* WORK TASK
Using the data below, tally the lines that include the string "welcome". Only the number is wanted.
-- Opening Marker --
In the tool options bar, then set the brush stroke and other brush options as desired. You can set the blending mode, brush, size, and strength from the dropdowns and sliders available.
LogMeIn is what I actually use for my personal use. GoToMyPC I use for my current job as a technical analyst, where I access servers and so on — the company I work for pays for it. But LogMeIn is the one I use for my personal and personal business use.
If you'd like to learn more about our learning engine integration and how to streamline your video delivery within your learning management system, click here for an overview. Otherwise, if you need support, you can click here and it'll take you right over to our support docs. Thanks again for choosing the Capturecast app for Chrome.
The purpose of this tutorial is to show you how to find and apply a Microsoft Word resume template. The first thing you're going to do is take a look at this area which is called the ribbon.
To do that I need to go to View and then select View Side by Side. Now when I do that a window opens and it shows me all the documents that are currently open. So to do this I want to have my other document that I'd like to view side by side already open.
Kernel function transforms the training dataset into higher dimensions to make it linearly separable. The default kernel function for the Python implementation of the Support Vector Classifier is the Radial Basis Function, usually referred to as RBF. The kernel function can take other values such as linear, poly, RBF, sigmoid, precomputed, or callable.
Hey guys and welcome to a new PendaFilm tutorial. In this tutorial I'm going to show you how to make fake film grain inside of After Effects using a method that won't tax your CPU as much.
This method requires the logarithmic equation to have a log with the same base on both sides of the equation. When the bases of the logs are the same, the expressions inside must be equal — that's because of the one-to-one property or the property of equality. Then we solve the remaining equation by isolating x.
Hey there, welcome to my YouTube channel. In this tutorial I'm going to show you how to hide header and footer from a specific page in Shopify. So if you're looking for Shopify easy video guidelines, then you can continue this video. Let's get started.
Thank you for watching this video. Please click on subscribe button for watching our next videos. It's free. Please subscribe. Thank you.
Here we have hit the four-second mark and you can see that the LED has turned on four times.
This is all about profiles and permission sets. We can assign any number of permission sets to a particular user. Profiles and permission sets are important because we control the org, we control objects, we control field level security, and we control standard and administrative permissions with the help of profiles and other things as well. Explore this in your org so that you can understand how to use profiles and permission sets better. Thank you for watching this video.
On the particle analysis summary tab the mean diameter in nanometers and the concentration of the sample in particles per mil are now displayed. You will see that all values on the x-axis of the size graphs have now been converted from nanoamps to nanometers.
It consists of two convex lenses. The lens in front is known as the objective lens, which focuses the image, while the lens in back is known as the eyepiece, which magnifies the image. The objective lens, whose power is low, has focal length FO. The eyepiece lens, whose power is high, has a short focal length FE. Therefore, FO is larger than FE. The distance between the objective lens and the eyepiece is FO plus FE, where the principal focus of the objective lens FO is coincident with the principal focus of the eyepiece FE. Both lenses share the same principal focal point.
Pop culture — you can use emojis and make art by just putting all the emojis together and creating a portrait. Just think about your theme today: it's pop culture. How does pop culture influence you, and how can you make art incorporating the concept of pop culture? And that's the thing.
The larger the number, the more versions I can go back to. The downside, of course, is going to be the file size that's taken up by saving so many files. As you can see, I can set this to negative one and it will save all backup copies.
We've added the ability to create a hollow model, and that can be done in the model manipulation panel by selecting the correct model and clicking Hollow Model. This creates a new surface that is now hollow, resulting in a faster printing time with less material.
-- Closing Marker --
* RESULT BELOW
2